• [WORKING DATA]:

# # # # #

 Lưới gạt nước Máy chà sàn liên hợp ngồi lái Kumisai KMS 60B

# # # # #

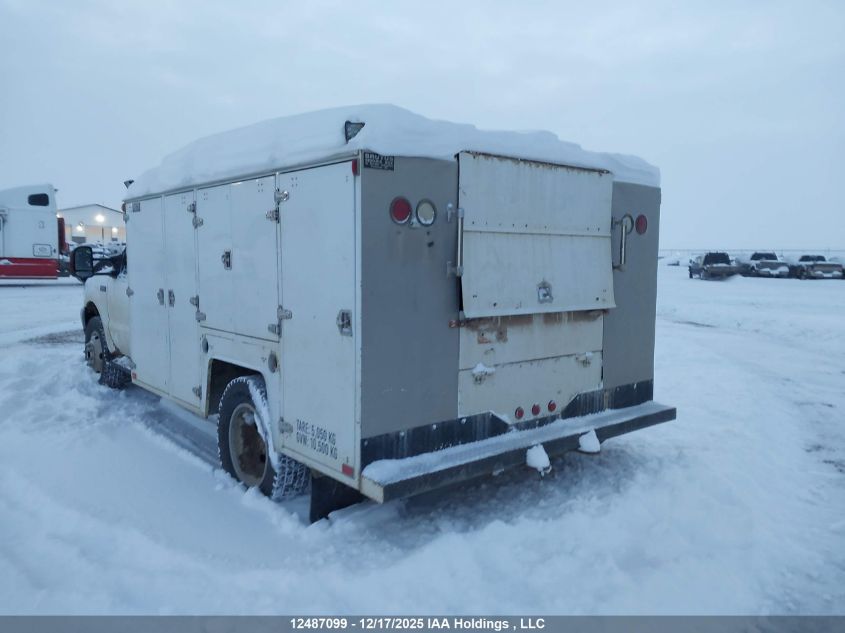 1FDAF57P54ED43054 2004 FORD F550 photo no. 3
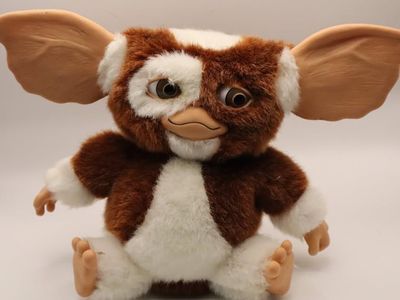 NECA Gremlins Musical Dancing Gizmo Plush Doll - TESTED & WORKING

# # # # #

• [EXERCISE OBJECTIVE]: Treat the line with "1FDAF57P54ED43054 2004 FORD F550 photo no. 3" as the start and the line with "NECA Gremlins Musical" as the end, and return exactly that span of the data above, both ends included, without pictures.

• [REPLY]:
 1FDAF57P54ED43054 2004 FORD F550 photo no. 3
 NECA Gremlins Musical Dancing Gizmo Plush Doll - TESTED & WORKING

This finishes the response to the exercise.